Het Grondwettelijk Hof, samengesteld uit de voorzitters M. Bossuyt en M. Melchior, en de rechters P. Martens, R. Henneuse, E. De Groot, L. Lavrysen, A. Alen, J.-P. Snappe, J.-P. Moerman, J. Spreutels, E. Derycke en T. Merckx-Van Goey, bijgestaan door de griffier P.-Y. Dutilleux, onder voorzitterschap van voorzitter M. Bossuyt, wijst na beraad het volgende arrest : I. Onderwerp van de prejudiciële vragen en rechtspleging Bij arrest van 13 november 2007 in zake de stad Oostende tegen de Belgische Staat, waarvan de expeditie ter griffie van het Hof is ingekomen op 26 november 2007, heeft het Hof van Beroep te Gent de volgende prejudiciële vragen gesteld : 1. « Schenden de bepalingen van artikel 470 WIB/1992 de artikelen 10 en 11 Grondwet/1994 in die zin dat deze bepalingen voorzien dat de gemeenten een administratiekost aan de federale overheid moeten betalen voor het innen van de aanvullende gemeentebelasting op de personenbelasting, daar waar de federale overheid de oneigenlijke gewestbelastingen, ingevolge de bepalingen van artikel 5, § 3 van de Bijzondere wet van 16 januari 1989 betreffende de financiering van de Gemeenschappen en de Gewesten, kosteloos ten behoeve van de gewesten gaat innen ? »;2. « Schenden de bepalingen van artikel 470 WIB/1992 de artikelen 10 en 11 Grondwet/1994 in die zin dat deze bepalingen voorzien dat de gemeenten een administratiekost aan de federale overheid moeten betalen voor het innen en invorderen van de aanvullende gemeentebelasting op de personenbelasting, daar waar de wetgever ten aanzien van de aanvullende gemeentebelastingen op andere belastingen die door de federale overheid ten behoeve van de gemeenten worden geïnd en ingevorderd, zoals de opcentiemen op de verkeersbelasting en de opcentiemen op de onroerende voorheffing van de onroerende goederen gelegen in het Waalse Gewest en het Brussels Hoofdstedelijk Gewest, nergens heeft voorzien dat de gemeenten voor deze dienst administratiekosten aan de federale overheid moeten betalen ? ». (...) III. In rechte (...) B.1.1. De prejudiciële vragen betreffen artikel 470 van het Wetboek van de inkomstenbelastingen 1992 (hierna : WIB 1992), zoals het van toepassing was tijdens de aanslagjaren 1995 tot 2003.

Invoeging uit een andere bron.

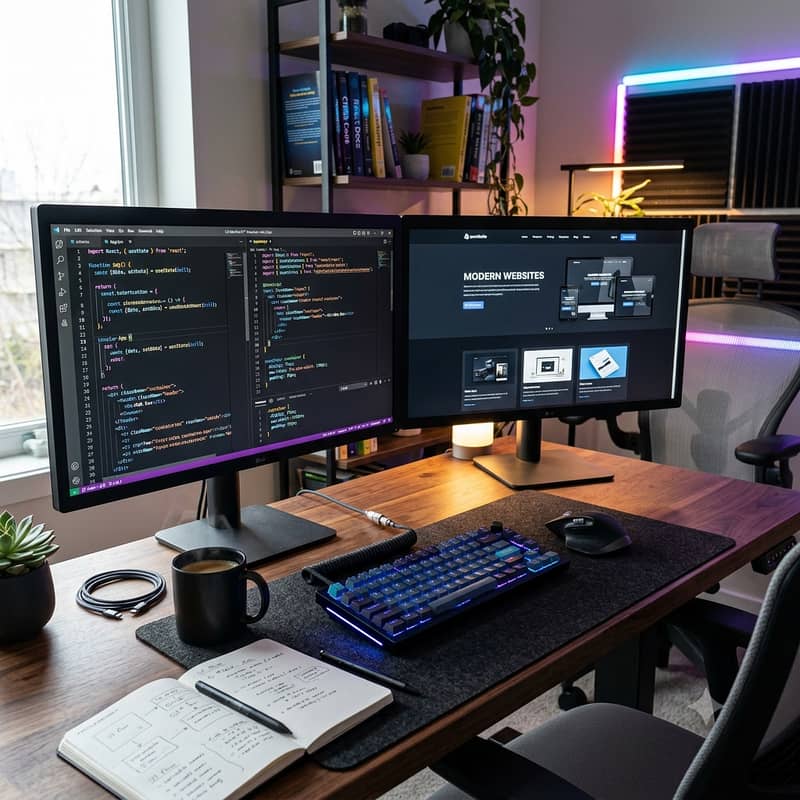 Professional Website Developer | Business, E-commerce & Portfolio Web 1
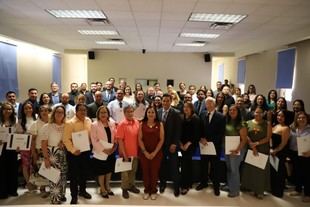 Culminan 49 estudiantes su formación en Ciencias de la Salud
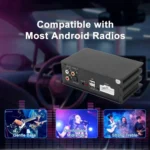 9-16V 15A 200W Car DSP Sound Amplifier - Image 7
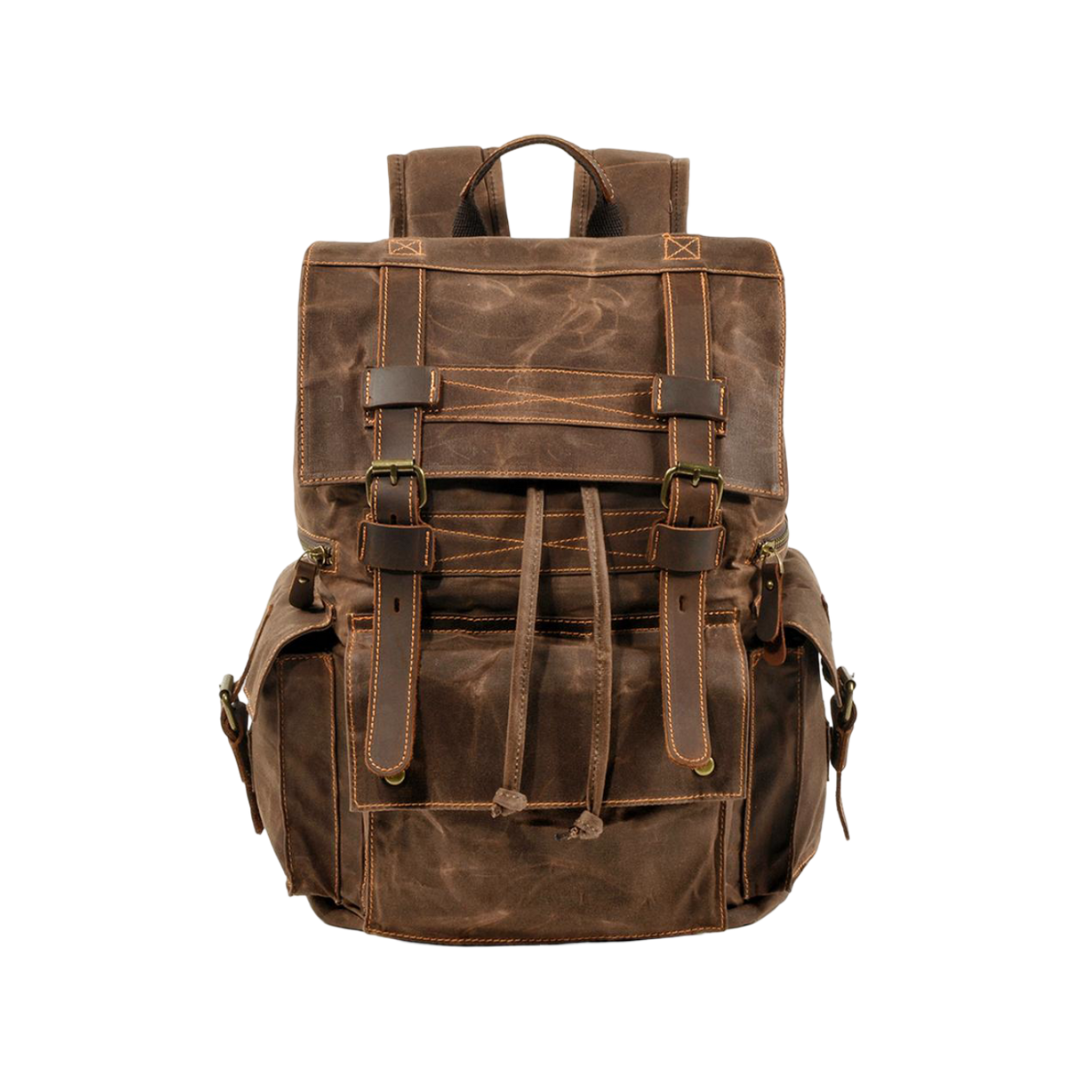 Denali - Canvas Drawstring Rucksack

B.1.2. Tot 31 december 2001, luidde dat artikel : « Op het bedrag van de in de artikelen 465 tot 469 bedoelde aanvullende belastingen wordt een korting van 3 pct. ingehouden voor de terugbetaling van de administratiekosten aan de Schatkist ».

Bij de wet van 10 december 2001 « tot wijziging van artikel 470 van het Wetboek van de inkomstenbelastingen 1992 teneinde de situatie van de gemeentefinanciën te verbeteren » werd de in het geding zijnde bepaling gewijzigd, in die zin dat de erin bedoelde « korting van 3 pct. » vanaf 1 januari 2002 wordt vervangen door een « korting van 2 pct. », en vanaf 1 januari 2003 door een « korting van 1 pct. ».

B.1.3. De in de artikelen 465 tot 469 van het WIB 1992 bedoelde aanvullende belastingen betreffen de door de agglomeraties en de gemeenten gevestigde aanvullende belastingen op de personenbelasting.

Volgens artikel 469 van het WIB 1992 worden de vestiging en de inning van die aanvullende belastingen toevertrouwd aan de Administratie der directe belastingen, onder de voorwaarden en volgens de regelen die de Koning bepaalt.

B.2. In de eerste prejudiciële vraag wordt het Hof gevraagd of de in het geding zijnde bepaling bestaanbaar is met de artikelen 10 en 11 van de Grondwet, doordat de gemeenten administratiekosten moeten betalen aan de federale Staat voor het innen en het invorderen van de aanvullende gemeentebelasting op de personenbelasting, terwijl de gewesten, krachtens artikel 5, § 3, van de bijzondere wet van 16 januari 1989 « betreffende de financiering van de Gemeenschappen en de Gewesten » (hierna : bijzondere wet van 16 januari 1989), geen administratiekosten moeten betalen aan de federale Staat voor het innen en het invorderen van de in die bijzondere wet bedoelde gewestelijke belastingen.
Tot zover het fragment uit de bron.